Nomme-le-moi tout à trac !
    — Descartes.
    — Descartes ? Qui est Descartes ?
    — D’après ceux qui l’ont ouï parler, il est le nouvel
Aristote.
    — Et qu’a-t-il écrit pour justifier cet émerveillable
titre ?
    — Il n’a encore rien publié.
    — Voilà, m’écriai-je en riant, qui sort tout à plein de
l’ordinaire : la gloire précède l’œuvre ! Et que fait ce Descartes
céans ? Le soldat ?
    — Oui, mais un soldat sans grade, sans régiment, sans
solde et sans emploi. Il vit dans une petite masure avec un grand poêle et une
petite servante pour le réchauffer plus outre.
    — À la bonne heure ! Voilà un philosophe qui a
reçu en partage une bonne dose de bon sens ! Et à part le poêle et la
petite servante, que fait-il ?
    — Il réfléchit. Il se trantole par le camp. Il
considère longuement les tranchées, les forts et les redoutes, il s’intéresse
au projet de digue qu’on veut établir entre Coureille et Chef de Baie pour
barrer la baie et empêcher les Anglais d’envitailler La Rochelle par mer.
    — Votre Descartes serait donc une sorte
d’ingénieur ?
    — Point du tout, bien qu’il soit très savant en la
mathématique. Il dit qu’il cherche des règles pour diriger l’esprit humain.
    — Oh ! Oh ! dis-je, voilà une ambition qui
sent le diable !
    — Le diable, Monsieur le Comte ?
    — Passe encore que la mathématique ait des règles à
elle ! Mais pour toutes les autres sciences terrestres, notre Sainte
Église tient que c’est elle qui y pourvoit. Je le répète, votre Descartes sent
le soufre.
    — Nenni, Nenni, Monsieur le Comte.
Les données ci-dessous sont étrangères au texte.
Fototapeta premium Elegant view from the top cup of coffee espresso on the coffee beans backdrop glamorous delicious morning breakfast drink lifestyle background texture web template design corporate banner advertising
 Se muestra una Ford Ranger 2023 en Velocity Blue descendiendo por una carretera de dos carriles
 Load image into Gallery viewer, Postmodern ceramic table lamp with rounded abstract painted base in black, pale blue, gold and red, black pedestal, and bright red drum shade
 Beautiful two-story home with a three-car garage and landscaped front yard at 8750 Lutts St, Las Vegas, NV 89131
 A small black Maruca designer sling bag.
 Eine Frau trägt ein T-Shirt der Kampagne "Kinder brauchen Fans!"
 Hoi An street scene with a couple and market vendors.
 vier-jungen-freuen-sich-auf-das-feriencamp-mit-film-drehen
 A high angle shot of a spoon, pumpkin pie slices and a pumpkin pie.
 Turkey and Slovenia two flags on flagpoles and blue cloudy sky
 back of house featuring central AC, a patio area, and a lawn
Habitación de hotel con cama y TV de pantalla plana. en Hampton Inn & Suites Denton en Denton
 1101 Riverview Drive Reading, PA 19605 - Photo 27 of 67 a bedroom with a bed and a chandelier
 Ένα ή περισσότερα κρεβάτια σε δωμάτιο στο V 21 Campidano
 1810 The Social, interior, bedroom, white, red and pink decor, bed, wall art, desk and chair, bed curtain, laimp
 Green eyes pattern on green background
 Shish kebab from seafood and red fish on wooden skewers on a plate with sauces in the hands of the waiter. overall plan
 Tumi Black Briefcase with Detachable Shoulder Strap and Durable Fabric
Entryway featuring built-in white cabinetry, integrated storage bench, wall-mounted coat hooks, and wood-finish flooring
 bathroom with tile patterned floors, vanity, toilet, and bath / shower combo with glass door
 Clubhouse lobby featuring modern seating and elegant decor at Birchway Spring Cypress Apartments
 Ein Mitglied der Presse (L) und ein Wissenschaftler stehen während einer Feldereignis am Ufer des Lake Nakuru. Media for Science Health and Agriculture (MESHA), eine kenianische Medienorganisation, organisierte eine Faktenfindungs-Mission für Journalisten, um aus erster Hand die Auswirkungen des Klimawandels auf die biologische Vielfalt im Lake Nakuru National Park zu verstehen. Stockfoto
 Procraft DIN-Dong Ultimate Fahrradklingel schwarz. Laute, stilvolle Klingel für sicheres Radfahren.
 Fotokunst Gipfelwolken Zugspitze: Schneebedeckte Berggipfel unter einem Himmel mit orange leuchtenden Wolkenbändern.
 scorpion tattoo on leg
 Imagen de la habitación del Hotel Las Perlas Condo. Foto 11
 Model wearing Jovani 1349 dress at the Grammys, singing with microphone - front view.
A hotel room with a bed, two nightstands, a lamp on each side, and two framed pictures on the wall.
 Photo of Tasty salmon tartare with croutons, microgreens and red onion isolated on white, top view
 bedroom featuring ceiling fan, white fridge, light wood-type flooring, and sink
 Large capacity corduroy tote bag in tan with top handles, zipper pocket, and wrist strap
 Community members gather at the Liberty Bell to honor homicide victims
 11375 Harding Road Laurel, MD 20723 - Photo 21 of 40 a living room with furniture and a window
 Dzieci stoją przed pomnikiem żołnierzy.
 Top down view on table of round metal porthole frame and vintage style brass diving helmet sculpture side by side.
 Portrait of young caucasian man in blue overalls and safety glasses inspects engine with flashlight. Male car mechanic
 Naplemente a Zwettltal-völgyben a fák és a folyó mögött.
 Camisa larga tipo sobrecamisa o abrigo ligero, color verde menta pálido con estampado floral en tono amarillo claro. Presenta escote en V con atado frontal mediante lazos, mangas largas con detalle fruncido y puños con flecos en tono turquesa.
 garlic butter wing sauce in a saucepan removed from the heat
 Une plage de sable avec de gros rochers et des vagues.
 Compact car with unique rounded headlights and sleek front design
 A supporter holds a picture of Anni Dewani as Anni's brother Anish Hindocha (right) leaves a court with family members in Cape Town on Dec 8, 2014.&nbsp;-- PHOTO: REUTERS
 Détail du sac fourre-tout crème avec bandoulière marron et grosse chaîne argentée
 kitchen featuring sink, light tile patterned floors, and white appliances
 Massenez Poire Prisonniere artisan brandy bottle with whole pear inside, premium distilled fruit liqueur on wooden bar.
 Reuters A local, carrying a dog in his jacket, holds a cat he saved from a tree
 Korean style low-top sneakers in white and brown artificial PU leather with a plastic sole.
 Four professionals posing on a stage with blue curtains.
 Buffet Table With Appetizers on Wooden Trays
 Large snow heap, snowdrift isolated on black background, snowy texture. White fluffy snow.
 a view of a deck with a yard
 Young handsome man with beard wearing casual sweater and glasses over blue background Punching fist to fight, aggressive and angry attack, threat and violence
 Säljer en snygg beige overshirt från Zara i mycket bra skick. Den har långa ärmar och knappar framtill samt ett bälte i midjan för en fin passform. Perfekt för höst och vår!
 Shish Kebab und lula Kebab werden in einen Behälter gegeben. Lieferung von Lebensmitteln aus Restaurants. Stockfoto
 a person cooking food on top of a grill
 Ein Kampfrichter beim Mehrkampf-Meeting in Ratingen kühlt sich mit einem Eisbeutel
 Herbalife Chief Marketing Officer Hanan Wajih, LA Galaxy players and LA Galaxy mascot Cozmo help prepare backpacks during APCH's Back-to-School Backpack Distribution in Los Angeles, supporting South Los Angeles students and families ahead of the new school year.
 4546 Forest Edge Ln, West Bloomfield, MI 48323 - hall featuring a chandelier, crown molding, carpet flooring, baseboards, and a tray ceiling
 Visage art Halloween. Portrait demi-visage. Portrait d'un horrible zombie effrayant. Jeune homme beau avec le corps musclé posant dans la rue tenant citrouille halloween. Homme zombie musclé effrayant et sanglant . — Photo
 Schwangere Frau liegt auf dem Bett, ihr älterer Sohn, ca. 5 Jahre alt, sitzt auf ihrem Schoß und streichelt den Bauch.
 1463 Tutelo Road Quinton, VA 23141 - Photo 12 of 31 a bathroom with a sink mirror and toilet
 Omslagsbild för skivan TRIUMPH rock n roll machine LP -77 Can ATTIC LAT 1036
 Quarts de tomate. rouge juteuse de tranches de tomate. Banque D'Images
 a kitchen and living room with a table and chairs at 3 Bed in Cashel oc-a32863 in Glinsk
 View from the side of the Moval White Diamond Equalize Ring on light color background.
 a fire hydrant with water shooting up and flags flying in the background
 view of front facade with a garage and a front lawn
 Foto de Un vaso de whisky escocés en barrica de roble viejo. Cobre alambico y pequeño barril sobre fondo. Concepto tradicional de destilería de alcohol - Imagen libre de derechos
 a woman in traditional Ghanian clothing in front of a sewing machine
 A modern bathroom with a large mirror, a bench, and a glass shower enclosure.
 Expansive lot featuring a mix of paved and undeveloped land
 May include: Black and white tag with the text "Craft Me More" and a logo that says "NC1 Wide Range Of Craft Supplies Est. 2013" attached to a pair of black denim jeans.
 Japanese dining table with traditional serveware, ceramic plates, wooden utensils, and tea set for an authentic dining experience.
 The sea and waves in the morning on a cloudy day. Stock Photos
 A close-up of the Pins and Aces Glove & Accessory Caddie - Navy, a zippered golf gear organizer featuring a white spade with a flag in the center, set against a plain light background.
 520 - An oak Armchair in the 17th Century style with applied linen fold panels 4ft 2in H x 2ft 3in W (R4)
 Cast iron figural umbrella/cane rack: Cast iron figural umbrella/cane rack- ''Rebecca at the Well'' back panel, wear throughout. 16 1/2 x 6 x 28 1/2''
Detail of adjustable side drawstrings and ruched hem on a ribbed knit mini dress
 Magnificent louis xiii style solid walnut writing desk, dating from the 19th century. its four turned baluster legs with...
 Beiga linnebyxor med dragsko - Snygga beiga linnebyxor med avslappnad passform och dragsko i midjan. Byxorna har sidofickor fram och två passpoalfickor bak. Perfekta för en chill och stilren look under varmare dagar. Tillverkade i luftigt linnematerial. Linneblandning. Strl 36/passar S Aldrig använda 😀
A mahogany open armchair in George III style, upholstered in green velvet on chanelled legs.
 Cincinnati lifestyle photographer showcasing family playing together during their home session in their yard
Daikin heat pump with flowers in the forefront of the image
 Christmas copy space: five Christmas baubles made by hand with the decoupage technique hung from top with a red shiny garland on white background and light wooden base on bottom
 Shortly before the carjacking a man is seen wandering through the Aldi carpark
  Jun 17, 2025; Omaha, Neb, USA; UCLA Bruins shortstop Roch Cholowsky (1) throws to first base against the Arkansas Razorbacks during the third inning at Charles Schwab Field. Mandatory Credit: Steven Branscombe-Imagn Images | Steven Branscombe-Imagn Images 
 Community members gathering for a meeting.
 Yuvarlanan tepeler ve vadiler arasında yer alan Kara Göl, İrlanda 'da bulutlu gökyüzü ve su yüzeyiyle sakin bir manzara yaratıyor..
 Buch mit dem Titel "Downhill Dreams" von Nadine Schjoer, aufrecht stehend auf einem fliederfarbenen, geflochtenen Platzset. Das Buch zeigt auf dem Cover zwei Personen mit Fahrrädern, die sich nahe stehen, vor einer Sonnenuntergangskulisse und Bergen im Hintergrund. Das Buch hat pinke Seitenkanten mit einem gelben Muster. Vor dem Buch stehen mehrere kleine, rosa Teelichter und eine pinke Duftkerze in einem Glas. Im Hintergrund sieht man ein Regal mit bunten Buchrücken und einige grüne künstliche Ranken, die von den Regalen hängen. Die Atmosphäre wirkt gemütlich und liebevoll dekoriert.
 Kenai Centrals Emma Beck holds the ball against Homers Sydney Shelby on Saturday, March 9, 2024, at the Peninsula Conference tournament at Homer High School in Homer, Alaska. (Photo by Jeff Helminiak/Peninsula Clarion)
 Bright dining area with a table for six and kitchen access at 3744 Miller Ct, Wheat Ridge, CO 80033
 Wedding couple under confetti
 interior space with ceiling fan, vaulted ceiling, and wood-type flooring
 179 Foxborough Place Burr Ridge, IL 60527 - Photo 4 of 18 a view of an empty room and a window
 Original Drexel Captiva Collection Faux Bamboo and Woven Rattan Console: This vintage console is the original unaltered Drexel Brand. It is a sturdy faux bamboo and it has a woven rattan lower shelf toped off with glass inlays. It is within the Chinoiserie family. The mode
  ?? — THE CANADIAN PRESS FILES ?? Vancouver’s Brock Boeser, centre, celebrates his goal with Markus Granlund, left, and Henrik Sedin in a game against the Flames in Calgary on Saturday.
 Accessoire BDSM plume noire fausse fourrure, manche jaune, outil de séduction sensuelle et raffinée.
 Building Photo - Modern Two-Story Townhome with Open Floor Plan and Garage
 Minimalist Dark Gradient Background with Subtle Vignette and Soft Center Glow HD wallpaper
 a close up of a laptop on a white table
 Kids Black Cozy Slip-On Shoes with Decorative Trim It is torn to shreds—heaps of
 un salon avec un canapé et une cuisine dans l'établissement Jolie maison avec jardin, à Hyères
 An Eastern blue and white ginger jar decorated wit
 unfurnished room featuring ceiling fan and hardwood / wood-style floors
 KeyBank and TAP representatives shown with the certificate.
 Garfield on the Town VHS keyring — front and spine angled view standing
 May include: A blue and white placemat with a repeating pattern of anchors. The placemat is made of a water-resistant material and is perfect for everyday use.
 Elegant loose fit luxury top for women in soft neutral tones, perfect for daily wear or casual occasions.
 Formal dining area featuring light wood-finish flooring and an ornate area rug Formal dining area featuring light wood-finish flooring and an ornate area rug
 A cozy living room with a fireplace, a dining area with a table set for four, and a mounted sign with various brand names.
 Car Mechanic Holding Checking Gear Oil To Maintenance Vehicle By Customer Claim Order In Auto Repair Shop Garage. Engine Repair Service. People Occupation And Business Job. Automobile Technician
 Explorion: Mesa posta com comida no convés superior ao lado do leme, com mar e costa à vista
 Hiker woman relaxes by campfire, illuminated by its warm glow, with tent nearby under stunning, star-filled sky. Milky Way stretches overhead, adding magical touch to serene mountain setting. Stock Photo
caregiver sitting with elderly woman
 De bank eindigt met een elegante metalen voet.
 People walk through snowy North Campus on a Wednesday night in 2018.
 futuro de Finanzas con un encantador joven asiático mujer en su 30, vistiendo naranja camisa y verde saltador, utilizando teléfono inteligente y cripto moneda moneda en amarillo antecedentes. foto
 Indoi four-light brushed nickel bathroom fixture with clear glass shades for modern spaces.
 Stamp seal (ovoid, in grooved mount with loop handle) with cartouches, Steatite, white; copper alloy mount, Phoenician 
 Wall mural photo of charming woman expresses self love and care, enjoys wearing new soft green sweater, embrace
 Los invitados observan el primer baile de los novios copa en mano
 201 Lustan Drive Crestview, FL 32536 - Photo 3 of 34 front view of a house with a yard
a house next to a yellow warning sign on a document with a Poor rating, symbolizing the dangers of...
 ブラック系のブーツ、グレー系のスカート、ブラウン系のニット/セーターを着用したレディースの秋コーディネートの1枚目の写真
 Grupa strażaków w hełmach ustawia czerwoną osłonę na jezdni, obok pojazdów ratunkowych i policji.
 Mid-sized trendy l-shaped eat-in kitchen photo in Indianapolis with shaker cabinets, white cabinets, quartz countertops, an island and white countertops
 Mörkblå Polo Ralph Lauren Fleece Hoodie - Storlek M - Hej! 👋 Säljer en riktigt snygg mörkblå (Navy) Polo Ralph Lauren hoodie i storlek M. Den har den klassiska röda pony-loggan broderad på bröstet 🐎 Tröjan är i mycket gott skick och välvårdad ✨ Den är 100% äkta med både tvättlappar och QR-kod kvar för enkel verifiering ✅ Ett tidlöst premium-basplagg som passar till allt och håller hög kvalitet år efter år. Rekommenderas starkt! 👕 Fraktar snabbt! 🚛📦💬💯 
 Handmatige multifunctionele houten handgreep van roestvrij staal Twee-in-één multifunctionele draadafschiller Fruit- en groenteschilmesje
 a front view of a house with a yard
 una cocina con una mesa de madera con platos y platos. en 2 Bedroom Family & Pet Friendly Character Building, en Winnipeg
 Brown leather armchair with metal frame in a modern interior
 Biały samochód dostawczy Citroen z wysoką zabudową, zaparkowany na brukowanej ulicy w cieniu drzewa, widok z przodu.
On dit même que par
la seule force de sa raison il a trouvé une nouvelle preuve de l’existence de
Dieu.
    — De mal en pis ! Nos dévots, qui sont gens
redoutables, vont crier que l’existence de Dieu est prouvée par la révélation
et que c’est bien de l’arrogance que d’y vouloir mêler notre pauvre raison
humaine.
    Mais à cela Charpentier ne put répondre mot ni miette, car à
ce même instant entra dans l’antichambre Monsieur de Lamont, lequel me vint
dire que Son Éminence m’attendait dans le petit cabinet bleu où nous avions eu
notre premier bec à bec.
    Le cardinal était assis sur une chaire à bras, la tête
appuyée contre un coussin, et à la façon dont, en entrant, il déclouit les yeux
en battant les paupières, je ne laissai pas d’apercevoir qu’il venait de
s’accorder quelques minutes de sommeil. Il n’était pas seul. Son chat dormait
sur ses genoux.
    Ce chat, ou plutôt cette chatte, vêtue d’un manteau blanc,
comme celui des carmélites, paraissait, comme elles, vouée à un silence
rigoureux, car elle ne laissait jamais échapper miaulerie ni ronronnement. Elle
avait reçu, on ne savait quand, ni comment, la permission tacite de sauter sur
les genoux de Richelieu dans ses moments de repos, et de s’y allonger de tout
son long, la tête tournée vers son maître, attentive et coite.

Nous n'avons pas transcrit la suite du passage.